Verizon Filters Ports 80 and 25

August 11, 2008 at 3:52 PM

The gracious hosts of this server have recently upgraded to Verizon FiOS, which should have been a great boon to threebrothers.org; however, Verizon filters ports 80 and 25. This is why, dear reader, I have reconfigured my blog to live on port 8080. Apparently, these ports are only used for "business purposes", and businesses need to pay more. While I now have more bandwidth, I am also greatly impaired in my ability to use it.

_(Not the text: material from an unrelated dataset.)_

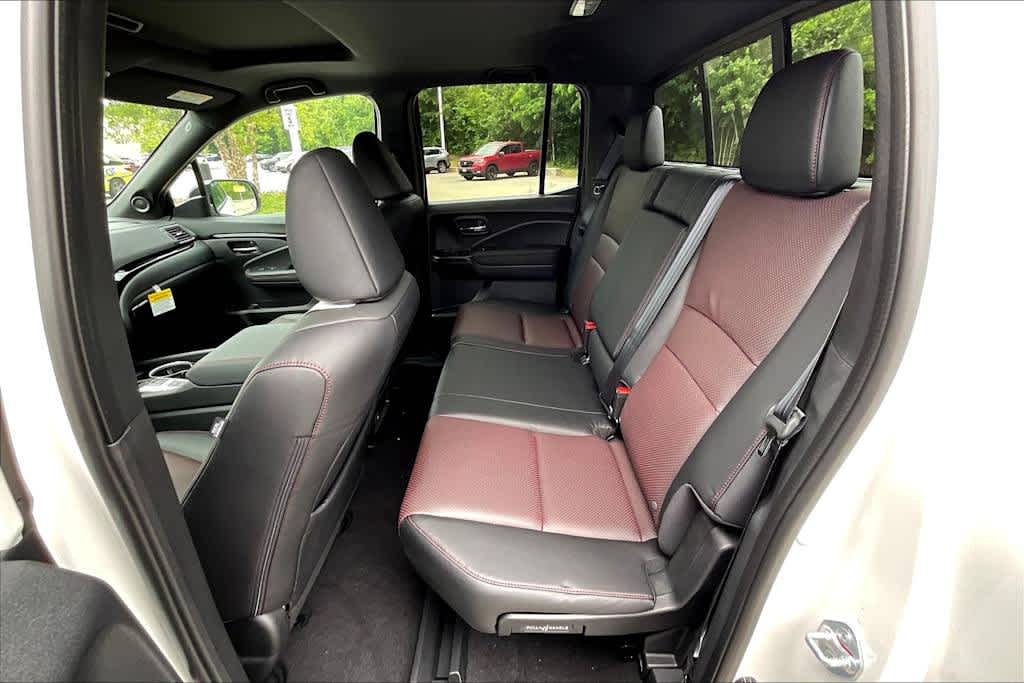 2026 Honda Ridgeline Black Edition photo 14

This further polarizes my beliefs about business rules and technology, which can be summarized as, "don't interfere, you incompetent nincompoops!" I could spend an inordinate amount of time and energy dissecting the various facets of idiocy I have uncovered attempting to obtain an ISP at my new apartment. To peel back the layers of tampering, throttling, and filtering from this proverbial onion would make even the most stalwart vegetable cutter cry. I read through the fine, disingenuous print of each company's TOS, and each time it is like turning on the shower and receiving a cascade of putrescent sewage. Each one of these companies is a moldering, pus-filled lesion on the face of the internet.

So, please: clean up your acts. Bandwidth should not be accompanied by throttles, filters, or intermittent magical interference. If I have a service plan advertised at a speed of 3.0 megabits per second, I expect:

  1. That this speed is consistent — it doesn't change unless there is a problem with the service, and problems ought not to be expected.
  2. The bandwidth I purchase can be used across the entirety of the OSI model. This means no monkeying with anything — very similar to the consistency requirement from point 1.
  3. Since there are 2,592,000 seconds in a 30-day period, I expect to be able to download approximately 949.22 gigabytes of data in a 30-day period. Of course, the same "problems" disclaimer applies here — of course I don't expect 5 nines of uptime, or even 3.

Postscript:

I'm aware that Verizon is the only brand with which I am associating this vituperation, and I don't think that's entirely fair. Verizon's port filtering leans towards the innocuous end of the moldering, pus-filled lesion spectrum — it's a few orders of magnitude less despicable than some of the despicable things being done by ISPs. However, it happens to be the particular lesion that I am faced with looking at, and so I will not forgo associating their name with their actions.